Sensitivity analyses did not materially alter the results.

Authors' conclusions

Tocilizumab showed a pattern of response that differed from that of other biologic agents in patients with rheumatoid arthritis who had an inadequate response to DMARDs. Mixed-treatment comparison analyses suggested that tocilizumab was associated with a higher likelihood of ACR70 response at week 24.

CRD commentary

This review's inclusion criteria were clear. Only two relevant databases were searched. Efforts were made to find published studies but not unpublished studies, which increased potential for publication bias. The search was limited to several popular languages, so the risk of language bias could not be ruled out. Steps were made to minimise errors and biases in the processes of study selection and data extraction. No formal validity assessment was performed. The patients' characteristics at baseline in terms of sex, age, previous treatment and baseline ACR parameters were comparable across trials. Appropriate methods were used to estimate the relative efficacy between different biologic agents. No results on statistical heterogeneity were reported. Only a small number of the included studies assessed tocilizumab, abatacept and rituximab.

Interpretation of the authors' conclusions should be considered alongside the overall findings and bearing in mind the lack of details on study quality and the possibility of publication bias.
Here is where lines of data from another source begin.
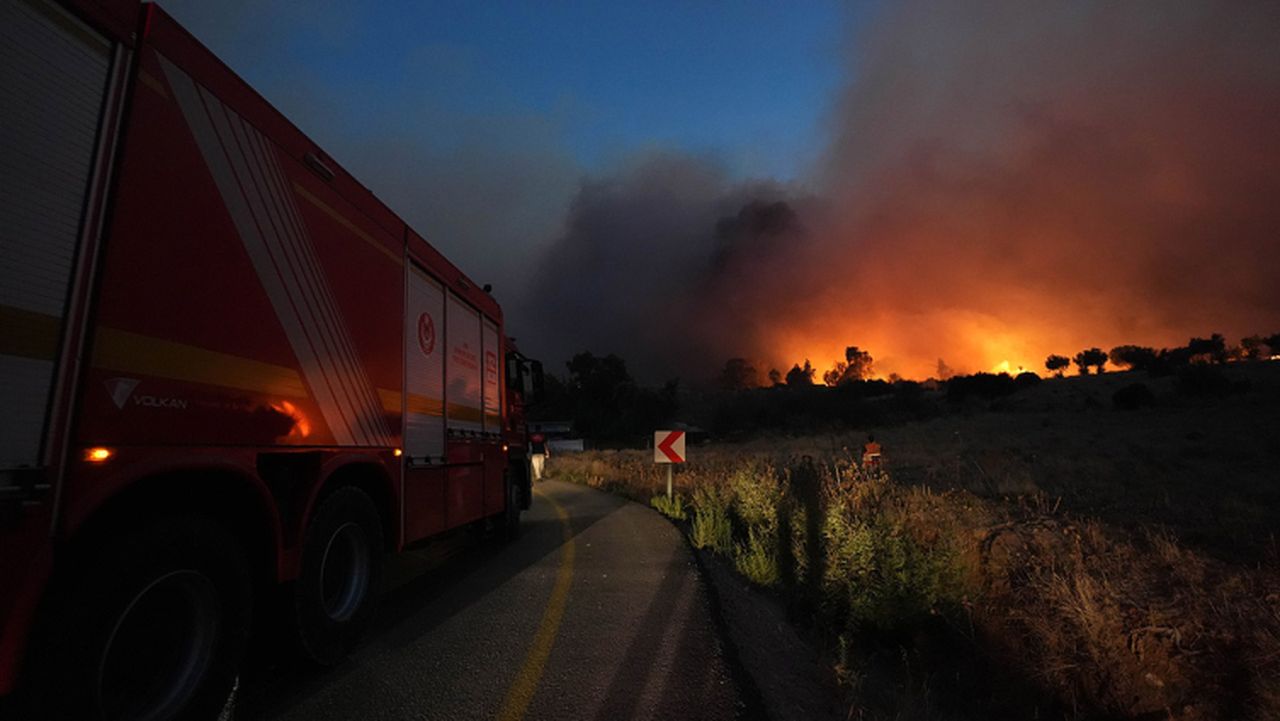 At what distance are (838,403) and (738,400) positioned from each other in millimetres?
14278

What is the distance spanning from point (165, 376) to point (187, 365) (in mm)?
176

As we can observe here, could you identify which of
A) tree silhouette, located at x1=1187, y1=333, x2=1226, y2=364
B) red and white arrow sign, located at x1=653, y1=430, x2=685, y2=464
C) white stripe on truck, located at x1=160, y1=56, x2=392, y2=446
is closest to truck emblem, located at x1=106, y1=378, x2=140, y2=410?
white stripe on truck, located at x1=160, y1=56, x2=392, y2=446

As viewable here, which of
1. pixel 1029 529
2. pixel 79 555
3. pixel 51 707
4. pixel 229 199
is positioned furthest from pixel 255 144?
pixel 1029 529

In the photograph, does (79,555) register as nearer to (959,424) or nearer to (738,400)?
(959,424)

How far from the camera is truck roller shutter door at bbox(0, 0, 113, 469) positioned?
95.3 inches

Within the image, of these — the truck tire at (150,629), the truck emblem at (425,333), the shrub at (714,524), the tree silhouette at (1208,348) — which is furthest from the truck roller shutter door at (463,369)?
the tree silhouette at (1208,348)

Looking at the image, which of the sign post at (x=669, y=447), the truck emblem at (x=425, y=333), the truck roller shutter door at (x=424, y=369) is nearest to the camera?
the truck roller shutter door at (x=424, y=369)

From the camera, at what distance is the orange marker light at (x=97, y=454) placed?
267cm

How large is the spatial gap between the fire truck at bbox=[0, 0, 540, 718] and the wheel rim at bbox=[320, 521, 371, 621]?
0.02 m

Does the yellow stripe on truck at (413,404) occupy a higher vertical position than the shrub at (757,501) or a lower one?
higher

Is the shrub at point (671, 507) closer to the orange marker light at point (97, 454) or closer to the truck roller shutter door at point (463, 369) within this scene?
the truck roller shutter door at point (463, 369)

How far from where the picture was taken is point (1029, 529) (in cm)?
799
Implications of the review for practice and research

Practice: The authors did not state any implications for practice.

Research: The authors stated that further analyses of later follow-up time points from trials (beyond 24/30 weeks) were required to support the findings from this review.

Funding

Hoffmann La Roche.

Bibliographic details

Bergman GJ, Hochberg MC, Boers M, Wintfeld N, Kielhorn A, Jansen JP. Indirect comparison of tocilizumab and other biologic agents in patients with rheumatoid arthritis and inadequate response to disease-modifying antirheumatic drugs. Seminars in Arthritis and Rheumatism 2010; 39(6): 425-441. [PubMed: 20223500]

Original Paper URL

http://www.sciencedirect.com/science/article/pii/S0049017209001565

Indexing Status

Subject indexing assigned by NLM

MeSH

Antibodies, Monoclonal /therapeutic use; Antibodies, Monoclonal, Humanized; Antirheumatic Agents /therapeutic use; Arthritis, Rheumatoid /drug therapy /immunology /physiopathology; Double-Blind Method; Humans; Immunosuppressive Agents /therapeutic use; Randomized Controlled Trials as Topic; Treatment Failure; Treatment Outcome; Tumor Necrosis Factor-alpha /antagonists & inhibitors

AccessionNumber

12010006533

Database entry date

21/09/2011

Record Status

This is a critical abstract of a systematic review that meets the criteria for inclusion on DARE. Each critical abstract contains a brief summary of the review methods, results and conclusions followed by a detailed critical assessment on the reliability of the review and the conclusions drawn.